Mass culture offers black and white stereotypes, lacking deeper psychological insight. It appears that both authors use its techniques to make sure that their tragic stories reach out to the widest audience possible.  And they actually succeed in this. Although this satisfies the broader demand, part of the audience still seeks a more subtle and intellectual description of the struggle that does not involve the hero – traitor opposition. That time was much more complicated, and there were far more roles.

HISTORICAL JUSTICE

Glorified in elite literature and brought to the fore by the pressure and pace of mass literature, UPA’s heroic exploits will undoubtedly stay in the memory of modern Ukrainians. As numerous facts of its struggle were revealed in the 1990s and huge layers of information are still found and delved into today, the history of the national resistance is no longer a sacral knowledge passed down secretly from the older to the younger generation in families. Today, it is a full-fledged component of civil identity. In the second decade of Ukrainian independence, episodes of this struggle began to circulate in the mass culture, thus reaching beyond just the borders of Halychyna and Volyn, the heartland of the action, to become recognizable nationwide.

WELL-KNOWN EXAMPLES

“Our Partisans” (“Nashi Partyzany”), a collective recording by Plach Yeremii and Skriabin, was released in 2000. It is a compilation of 11 covers of insurgent songs, including “Hey Hu, Hey Ha”; “We Are Going Forward” (“My Ydem Vpered”); “Ribbon After Ribbon” (“Lenta za Lentoyu”), and “By the Lviv Castle” (“Tam, pid Lvivskym Zamkom”). The record was the first spark of the insurgency theme on a mass scale in Ukraine.

“Sweet Darusia” (“Solodka Darusia”) is an expressionist novel by Maria Matios, and the first Ukrainian bestseller published in 2004, giving a retrospect of a tragedy that evolved in a Bukovyna village during the insurgent struggle against the NKVD.

“The Company of Heroes” (“Zalizna Sotnia”) is a 2004 film directed by Oles Yanchuk based on memoires of Yuriy Borets.

“In the Whirlwind of Struggle” (“U Vyri Borotby”) is arguably the best film ever made about the UPA. Despite its simple plot, the film is a captivating revival of the historical epoch.

“Don’t Tell Anyone” (“Ne Kazhuchy Nikomu”) is a song recorded by Tartak and Andriy Pidluzhniy in 2006. The video for the song is dedicated to the uneven fight between an UPA unit and German soldiers in 1943 near the Zahoriv Monastery in Volyn.  

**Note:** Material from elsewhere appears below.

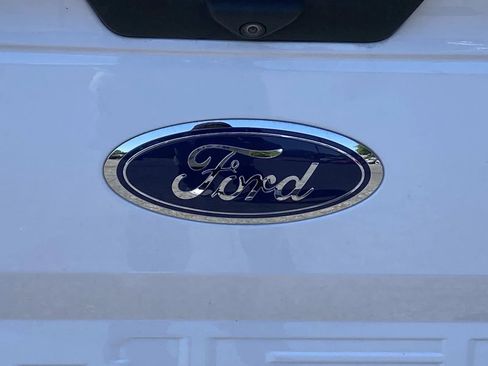 Used 2020 Ford F150 XLT w/ Equipment Group 302A Luxury AWD/4WD image 8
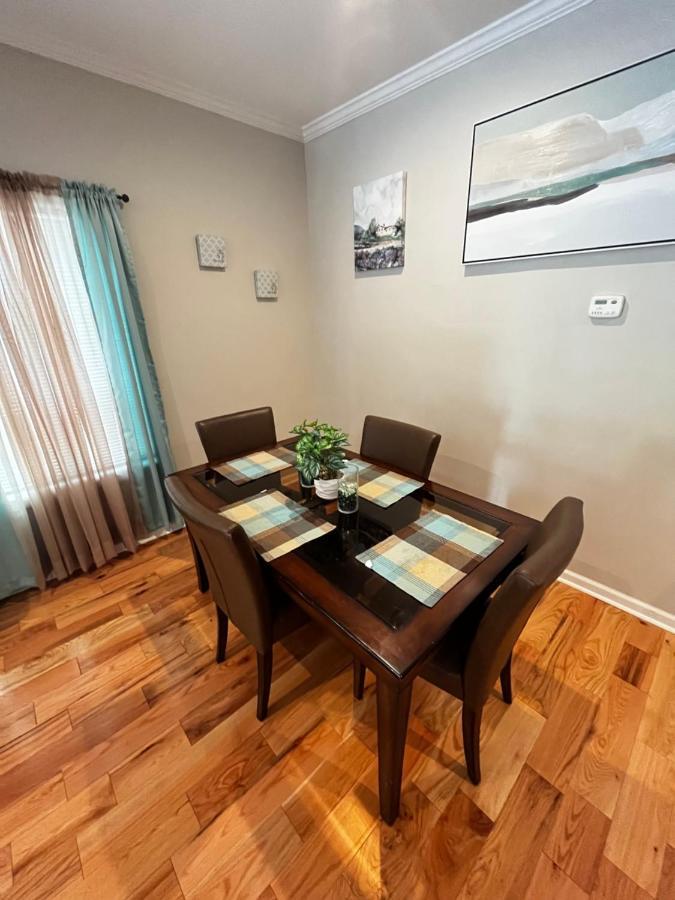 Unit 2 2 - Peaceful Weekend Getaway Private Bedroom & Bathroom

“Kryivka” is an UPA bunker themed restaurant opened in Lviv in 2007. Visited by nearly 100,000 people annually, it is one of the biggest outlets for UPA souvenirs.

“The Museum of Abandoned Secrets” (Muzey Pokynutykh Sekretiv), a novel by Oksana Zabuzhko, was published in 2009. A monumental saga that started in wartime where one of the key storylines is about the underground activities of OUN, the Organization of Ukrainian Nationalists, and the UPA’s struggle against the NKVD.  

“Tender Ukrainization” (“Lahidna Ukrayinizatsia”) is a project by Antin Mukharsky launched in 2012 as a compilation of Ukrainian-language sarcastic covers of the biggest hits in Russian chanson, a genre of music dedicated to prison life.

“The Tango of Death” (“Tanho Smerti”) is a brand new novel by Yuriy Vynnychuk that intertwines pre-war and wartime Lviv and the 1980s.  Intellectually intriguing and historically thorough, it is one of the best portraits of the psychological atmosphere and everyday culture of that time.